I read this quote once, ( okay fine, its from TV ) : “I used to think the worst feeling in the world was losing someone you love, but the worst feeling in the world is when you realise that you’ve lost yourself”. For along time I didn’t get that, I was like – errrrmmmm No fricking way! Have you had your heart broken? Have you lost a friend before?…Well obviously not if you think like that, hum. But then I realised, when I was staring down that gun; life is just a game of Russian roulette. We buy our time, exercise every feasible and infeasible strategy , but no matter how many times that barrel rolls, there is only ever one inevitable outcome …death. That’s why our media is bombarded with the philosophy “Carpe diem”, and why we feel silently judged by the hippies and naturalists telling us to make the most of life.
Though how can we?
Don’t they realise there are such things as: family, mortgages, the fancy house you picked out when you were just a child. You’ve also got to consider, the book you may never, actually get round to writing, the nights playing at Wembley Arena, with that seriously cool rock band you dream about, maybe every single night. How can we possibly do it all? How can we finish a 9-5 and then seize the day? Whilst we are seizing the day, how old is to old to start a family? Can I have a family and travel the world? What if I never get promoted and am forever known as the bitch of the work place, to familiar to ever be praised and to scared of failure to stand on my own two feet? How can we have what we want, what society tells us we need and still be live our lives?

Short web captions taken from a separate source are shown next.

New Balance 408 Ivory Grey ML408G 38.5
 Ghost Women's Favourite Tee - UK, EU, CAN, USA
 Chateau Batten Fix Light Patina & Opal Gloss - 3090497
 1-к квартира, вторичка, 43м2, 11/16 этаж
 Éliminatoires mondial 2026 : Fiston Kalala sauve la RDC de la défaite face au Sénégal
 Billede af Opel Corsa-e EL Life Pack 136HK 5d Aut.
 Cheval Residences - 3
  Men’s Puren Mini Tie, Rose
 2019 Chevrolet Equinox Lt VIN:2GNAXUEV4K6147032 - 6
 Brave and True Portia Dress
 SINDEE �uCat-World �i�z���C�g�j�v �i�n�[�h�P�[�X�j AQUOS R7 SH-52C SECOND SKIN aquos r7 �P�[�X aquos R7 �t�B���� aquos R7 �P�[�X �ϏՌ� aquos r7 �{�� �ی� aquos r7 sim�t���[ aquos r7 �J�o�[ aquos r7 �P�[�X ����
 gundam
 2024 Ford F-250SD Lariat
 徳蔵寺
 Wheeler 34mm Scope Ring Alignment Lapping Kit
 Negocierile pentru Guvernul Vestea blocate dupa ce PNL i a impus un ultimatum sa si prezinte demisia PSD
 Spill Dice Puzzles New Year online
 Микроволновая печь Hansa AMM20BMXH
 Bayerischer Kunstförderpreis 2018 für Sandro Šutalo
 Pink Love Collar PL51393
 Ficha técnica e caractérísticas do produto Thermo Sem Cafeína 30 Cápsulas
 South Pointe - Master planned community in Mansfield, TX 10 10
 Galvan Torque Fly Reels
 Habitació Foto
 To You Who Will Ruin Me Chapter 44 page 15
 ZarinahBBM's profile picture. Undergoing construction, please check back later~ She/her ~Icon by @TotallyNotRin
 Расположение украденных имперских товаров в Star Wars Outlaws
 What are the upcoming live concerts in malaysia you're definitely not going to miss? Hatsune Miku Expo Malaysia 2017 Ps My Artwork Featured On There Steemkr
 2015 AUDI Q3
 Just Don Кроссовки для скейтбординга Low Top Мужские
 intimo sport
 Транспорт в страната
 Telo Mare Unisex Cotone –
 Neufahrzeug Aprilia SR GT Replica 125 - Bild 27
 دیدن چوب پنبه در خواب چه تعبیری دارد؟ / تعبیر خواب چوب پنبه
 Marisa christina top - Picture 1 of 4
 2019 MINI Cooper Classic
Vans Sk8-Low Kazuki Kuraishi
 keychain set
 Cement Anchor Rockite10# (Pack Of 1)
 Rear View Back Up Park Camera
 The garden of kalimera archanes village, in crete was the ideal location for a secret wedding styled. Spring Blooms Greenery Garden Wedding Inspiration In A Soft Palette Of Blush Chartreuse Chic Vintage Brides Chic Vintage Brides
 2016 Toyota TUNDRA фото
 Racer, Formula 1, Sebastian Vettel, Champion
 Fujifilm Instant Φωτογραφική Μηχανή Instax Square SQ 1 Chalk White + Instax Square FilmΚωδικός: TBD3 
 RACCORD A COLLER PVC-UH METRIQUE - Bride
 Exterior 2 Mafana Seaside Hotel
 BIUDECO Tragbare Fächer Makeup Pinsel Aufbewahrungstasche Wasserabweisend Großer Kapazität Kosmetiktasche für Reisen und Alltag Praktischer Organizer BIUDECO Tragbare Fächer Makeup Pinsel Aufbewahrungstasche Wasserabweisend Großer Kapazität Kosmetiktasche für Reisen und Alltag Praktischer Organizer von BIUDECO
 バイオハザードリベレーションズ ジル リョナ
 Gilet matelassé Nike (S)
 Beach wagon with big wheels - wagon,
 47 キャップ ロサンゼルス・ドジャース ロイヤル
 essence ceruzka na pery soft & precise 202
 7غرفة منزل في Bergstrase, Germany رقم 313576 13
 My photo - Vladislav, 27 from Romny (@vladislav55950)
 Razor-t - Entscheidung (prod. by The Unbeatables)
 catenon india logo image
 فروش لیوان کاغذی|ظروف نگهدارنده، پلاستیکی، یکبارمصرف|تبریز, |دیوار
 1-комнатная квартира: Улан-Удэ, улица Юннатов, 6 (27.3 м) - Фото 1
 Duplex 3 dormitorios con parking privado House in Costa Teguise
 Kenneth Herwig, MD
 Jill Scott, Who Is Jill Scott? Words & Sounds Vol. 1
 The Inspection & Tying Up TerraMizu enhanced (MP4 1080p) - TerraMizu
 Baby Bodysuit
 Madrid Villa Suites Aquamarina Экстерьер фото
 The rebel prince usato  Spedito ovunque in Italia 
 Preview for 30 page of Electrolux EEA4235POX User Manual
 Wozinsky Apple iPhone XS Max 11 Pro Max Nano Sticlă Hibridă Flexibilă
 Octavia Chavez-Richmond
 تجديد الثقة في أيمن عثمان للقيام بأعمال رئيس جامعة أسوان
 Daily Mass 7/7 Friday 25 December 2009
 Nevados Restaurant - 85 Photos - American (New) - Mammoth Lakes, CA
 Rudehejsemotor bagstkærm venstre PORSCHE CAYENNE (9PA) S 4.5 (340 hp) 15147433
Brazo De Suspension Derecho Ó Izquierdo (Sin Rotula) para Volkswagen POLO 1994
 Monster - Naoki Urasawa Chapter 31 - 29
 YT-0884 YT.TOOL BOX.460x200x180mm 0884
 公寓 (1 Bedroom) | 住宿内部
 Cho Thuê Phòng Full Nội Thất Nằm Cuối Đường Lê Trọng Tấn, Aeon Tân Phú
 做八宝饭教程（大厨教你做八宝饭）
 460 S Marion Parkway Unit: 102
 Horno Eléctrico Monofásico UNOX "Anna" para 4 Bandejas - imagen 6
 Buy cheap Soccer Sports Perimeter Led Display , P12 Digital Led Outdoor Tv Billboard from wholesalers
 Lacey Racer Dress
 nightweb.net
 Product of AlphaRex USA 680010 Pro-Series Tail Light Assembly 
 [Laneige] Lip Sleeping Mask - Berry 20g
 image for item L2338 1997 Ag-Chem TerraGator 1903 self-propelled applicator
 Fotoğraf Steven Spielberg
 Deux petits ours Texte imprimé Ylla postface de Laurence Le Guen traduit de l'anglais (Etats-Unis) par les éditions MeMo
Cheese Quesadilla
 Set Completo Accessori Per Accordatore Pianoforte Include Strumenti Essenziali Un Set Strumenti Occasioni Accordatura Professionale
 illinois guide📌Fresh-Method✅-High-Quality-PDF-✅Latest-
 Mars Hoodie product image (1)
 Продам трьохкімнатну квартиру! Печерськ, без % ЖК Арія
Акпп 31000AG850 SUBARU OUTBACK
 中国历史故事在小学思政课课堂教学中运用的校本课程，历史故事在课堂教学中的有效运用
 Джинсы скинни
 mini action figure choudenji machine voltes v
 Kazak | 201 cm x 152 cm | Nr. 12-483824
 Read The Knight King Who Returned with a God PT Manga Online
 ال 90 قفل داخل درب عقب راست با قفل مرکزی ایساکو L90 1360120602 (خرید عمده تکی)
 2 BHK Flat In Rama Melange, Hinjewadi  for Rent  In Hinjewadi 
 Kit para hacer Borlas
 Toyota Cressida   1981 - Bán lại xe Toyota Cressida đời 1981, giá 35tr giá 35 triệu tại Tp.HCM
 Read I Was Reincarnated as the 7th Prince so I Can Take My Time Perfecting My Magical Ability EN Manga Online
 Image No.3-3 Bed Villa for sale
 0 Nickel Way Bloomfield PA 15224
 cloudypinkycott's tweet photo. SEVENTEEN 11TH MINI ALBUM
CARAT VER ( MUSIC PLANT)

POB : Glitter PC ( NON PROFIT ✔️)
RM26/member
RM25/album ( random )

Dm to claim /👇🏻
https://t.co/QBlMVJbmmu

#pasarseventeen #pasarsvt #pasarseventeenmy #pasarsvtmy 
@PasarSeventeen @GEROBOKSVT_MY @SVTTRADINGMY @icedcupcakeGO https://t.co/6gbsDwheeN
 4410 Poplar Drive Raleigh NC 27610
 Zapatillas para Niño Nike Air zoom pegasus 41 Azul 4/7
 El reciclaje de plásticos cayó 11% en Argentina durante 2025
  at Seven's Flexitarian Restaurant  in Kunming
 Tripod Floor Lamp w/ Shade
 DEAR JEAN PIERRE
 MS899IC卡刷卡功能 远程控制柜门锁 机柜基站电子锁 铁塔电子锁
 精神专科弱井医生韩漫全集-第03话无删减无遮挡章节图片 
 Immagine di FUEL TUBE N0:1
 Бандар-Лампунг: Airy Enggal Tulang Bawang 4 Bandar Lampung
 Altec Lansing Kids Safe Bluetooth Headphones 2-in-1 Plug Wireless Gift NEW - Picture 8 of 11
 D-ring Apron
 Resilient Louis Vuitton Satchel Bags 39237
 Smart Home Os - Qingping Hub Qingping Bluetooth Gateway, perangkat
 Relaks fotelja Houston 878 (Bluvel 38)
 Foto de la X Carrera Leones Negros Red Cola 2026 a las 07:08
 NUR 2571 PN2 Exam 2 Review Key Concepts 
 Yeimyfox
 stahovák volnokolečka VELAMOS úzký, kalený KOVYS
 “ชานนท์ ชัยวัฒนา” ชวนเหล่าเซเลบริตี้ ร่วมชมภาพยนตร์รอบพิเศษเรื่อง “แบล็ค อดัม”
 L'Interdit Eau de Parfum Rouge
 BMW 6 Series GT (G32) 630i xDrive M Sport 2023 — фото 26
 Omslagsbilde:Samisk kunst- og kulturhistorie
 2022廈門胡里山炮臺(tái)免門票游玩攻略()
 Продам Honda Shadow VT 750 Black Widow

How do we know that when we are lying on our death beds, waiting for that final judgement; that we don’t look back on our lives and think: “Man why did I ever become an accountant?”, “I always wanted to see India.” ,”Why didn’t I get the man of my dreams? “- Well the truth, is we can’t. No one knows.
So that’s why every second counts.
Because the truth is when you lose yourself, you lose everything. The feeling of control over your life. You begin to question everything- the person you were, the person you will be, why you are friends with the people you are closest too. Losing yourself, is worse than losing someone (except from in the case of bereavement), because you have to face that gun, and you can not let it consume you. Because no one will help carry you, if you can’t already carry yourself.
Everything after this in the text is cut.